Today we’re looking at a few different hardware configurations to see if certain matchups work better than others. For example, when Ryzen first came onto the scene in 2017 it was discovered that Zen-based CPUs performed better when paired with a Radeon GPU, opposed to a GeForce GPU. The only problem was that the Radeon RX 480 was the fastest GPU AMD had to offer. Considering it was much slower than the competing GeForce GTX 1080 Ti, no one was using it for CPU testing.

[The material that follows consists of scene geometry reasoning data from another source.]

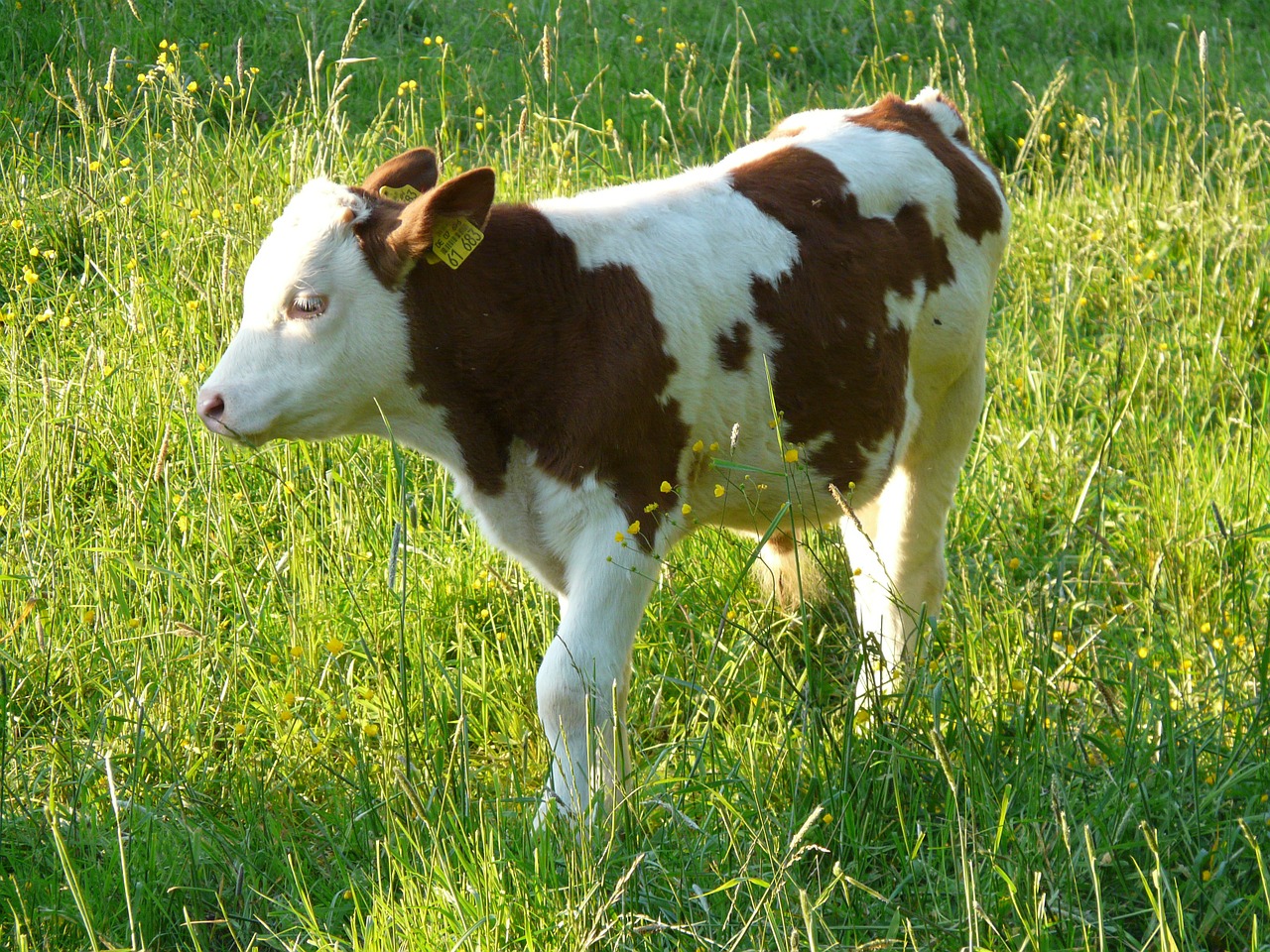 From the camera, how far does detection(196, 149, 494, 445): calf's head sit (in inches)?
112

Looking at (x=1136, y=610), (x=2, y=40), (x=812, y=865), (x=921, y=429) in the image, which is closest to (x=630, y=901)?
(x=812, y=865)

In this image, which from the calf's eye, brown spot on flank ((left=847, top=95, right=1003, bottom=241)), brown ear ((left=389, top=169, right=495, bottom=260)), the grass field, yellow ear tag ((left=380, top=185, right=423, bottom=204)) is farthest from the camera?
brown spot on flank ((left=847, top=95, right=1003, bottom=241))

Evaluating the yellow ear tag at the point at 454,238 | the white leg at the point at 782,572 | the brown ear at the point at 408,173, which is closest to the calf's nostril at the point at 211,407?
the yellow ear tag at the point at 454,238

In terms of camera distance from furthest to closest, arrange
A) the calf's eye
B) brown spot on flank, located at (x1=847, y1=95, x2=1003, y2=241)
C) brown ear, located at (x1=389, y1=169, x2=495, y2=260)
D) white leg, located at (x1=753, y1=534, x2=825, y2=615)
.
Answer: white leg, located at (x1=753, y1=534, x2=825, y2=615) → brown spot on flank, located at (x1=847, y1=95, x2=1003, y2=241) → the calf's eye → brown ear, located at (x1=389, y1=169, x2=495, y2=260)

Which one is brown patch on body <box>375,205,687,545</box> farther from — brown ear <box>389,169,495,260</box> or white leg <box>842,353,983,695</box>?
white leg <box>842,353,983,695</box>

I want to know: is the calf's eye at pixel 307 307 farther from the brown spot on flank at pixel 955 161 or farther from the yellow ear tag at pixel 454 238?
the brown spot on flank at pixel 955 161

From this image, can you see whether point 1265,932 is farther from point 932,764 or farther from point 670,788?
point 670,788

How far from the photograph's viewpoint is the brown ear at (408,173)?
323cm

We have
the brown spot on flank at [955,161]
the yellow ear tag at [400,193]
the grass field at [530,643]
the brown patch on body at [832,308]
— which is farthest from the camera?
the brown spot on flank at [955,161]

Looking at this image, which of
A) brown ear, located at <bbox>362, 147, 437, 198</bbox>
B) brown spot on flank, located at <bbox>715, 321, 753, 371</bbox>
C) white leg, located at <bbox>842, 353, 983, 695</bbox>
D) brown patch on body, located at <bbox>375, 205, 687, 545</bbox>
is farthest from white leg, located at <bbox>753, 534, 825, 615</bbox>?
brown ear, located at <bbox>362, 147, 437, 198</bbox>

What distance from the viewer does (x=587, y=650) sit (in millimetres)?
2967

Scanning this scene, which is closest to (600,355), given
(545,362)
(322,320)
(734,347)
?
(545,362)

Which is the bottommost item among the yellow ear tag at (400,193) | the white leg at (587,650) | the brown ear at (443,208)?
the white leg at (587,650)

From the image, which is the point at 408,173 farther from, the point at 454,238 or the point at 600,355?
the point at 600,355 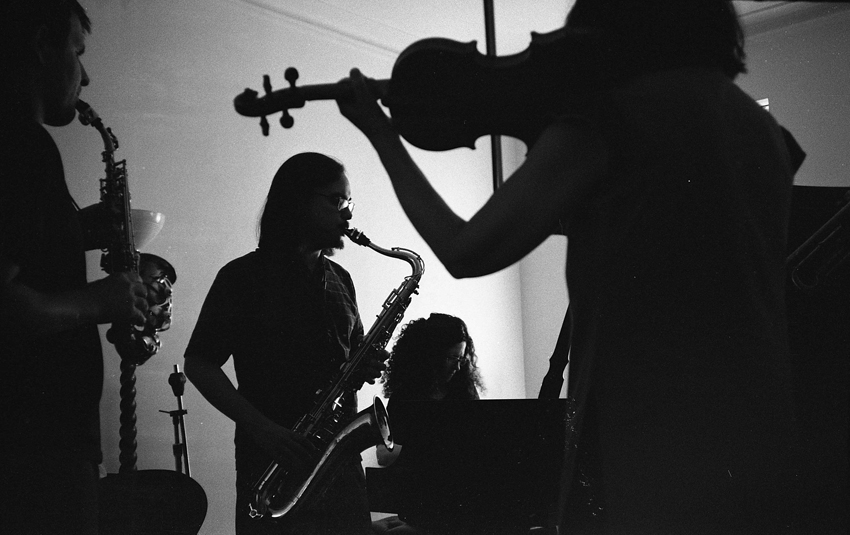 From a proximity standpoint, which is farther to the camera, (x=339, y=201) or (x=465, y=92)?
(x=339, y=201)

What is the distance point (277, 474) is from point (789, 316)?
124 cm

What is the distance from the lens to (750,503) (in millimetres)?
642

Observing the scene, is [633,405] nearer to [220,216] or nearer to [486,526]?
[486,526]

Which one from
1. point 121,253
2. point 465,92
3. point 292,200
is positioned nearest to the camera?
point 465,92

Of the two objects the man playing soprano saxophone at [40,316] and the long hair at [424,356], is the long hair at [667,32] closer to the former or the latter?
the man playing soprano saxophone at [40,316]

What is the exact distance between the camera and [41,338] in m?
0.93

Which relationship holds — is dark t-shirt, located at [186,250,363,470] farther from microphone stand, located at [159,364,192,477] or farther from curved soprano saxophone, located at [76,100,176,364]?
microphone stand, located at [159,364,192,477]

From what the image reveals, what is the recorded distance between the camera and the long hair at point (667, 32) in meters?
0.71

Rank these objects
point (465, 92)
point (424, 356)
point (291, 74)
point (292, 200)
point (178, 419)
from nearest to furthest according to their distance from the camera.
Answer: point (465, 92) < point (291, 74) < point (292, 200) < point (178, 419) < point (424, 356)

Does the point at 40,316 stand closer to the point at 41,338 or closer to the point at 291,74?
the point at 41,338

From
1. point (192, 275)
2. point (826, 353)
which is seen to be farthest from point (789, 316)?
point (192, 275)

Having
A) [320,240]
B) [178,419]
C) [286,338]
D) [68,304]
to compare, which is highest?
[320,240]

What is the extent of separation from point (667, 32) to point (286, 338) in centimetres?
120

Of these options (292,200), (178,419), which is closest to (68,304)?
(292,200) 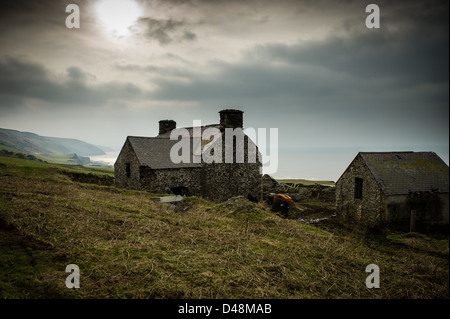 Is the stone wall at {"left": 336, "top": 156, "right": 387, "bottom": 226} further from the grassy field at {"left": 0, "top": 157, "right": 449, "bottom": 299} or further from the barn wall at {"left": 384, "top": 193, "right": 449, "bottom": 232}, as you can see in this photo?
the barn wall at {"left": 384, "top": 193, "right": 449, "bottom": 232}

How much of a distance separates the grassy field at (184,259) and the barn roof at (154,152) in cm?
1304

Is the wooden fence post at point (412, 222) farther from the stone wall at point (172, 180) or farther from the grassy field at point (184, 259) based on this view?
the stone wall at point (172, 180)

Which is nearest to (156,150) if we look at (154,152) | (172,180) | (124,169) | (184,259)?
(154,152)

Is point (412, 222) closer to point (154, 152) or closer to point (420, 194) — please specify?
point (420, 194)

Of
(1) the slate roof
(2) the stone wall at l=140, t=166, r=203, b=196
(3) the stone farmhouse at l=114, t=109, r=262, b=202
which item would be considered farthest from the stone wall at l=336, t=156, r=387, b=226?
(2) the stone wall at l=140, t=166, r=203, b=196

Fast forward to today and the situation hasn’t changed all that much. AMD’s new flagship GPU, the Radeon VII is only able to match 2017’s GTX 1080 Ti, making it much slower than the RTX 2080 Ti. Also, it's been largely unavailable since it launched a few weeks ago, though we have our review unit ready for testing.
We thought it could be interesting to test out some popular games using the Ryzen 7 2700X and Core i7-8700K processors, pairing each with the Radeon VII, GeForce GTX 1080 Ti and RTX 2080, as all three GPUs provide a similar level of performance.
Now, the focus of this test is not an AMD vs. Intel CPU comparison, we’ve done those many times in the past. It’s not a straight GPU comparison either, we’ve also done plenty of those. The choice of CPU isn't even all that relevant. We could have used the 2600X and i5-8400, for example, since it's not a CPU comparison. Rather what we’re most interested in here is monitoring performance margins, not outright performance.
Does one CPU perform better with a particular GPU, or are we simply gone mad about benchmarking? If only for fun's sake, here we go.
All testing was conducted at 1440p as we wanted to target more realistic gaming conditions. Since it's not a CPU test, benchmarking at 1080p or lower is not a priority. Both the Intel and AMD platforms were equipped with 16GB of DDR4-3200 CL14 memory and any performance enhancement features were disabled. All the benchmark data is fresh and was gathered specifically for this feature. For the GeForce GPUs driver version 419.17 was used and for the Radeon VII driver version 19.2.3.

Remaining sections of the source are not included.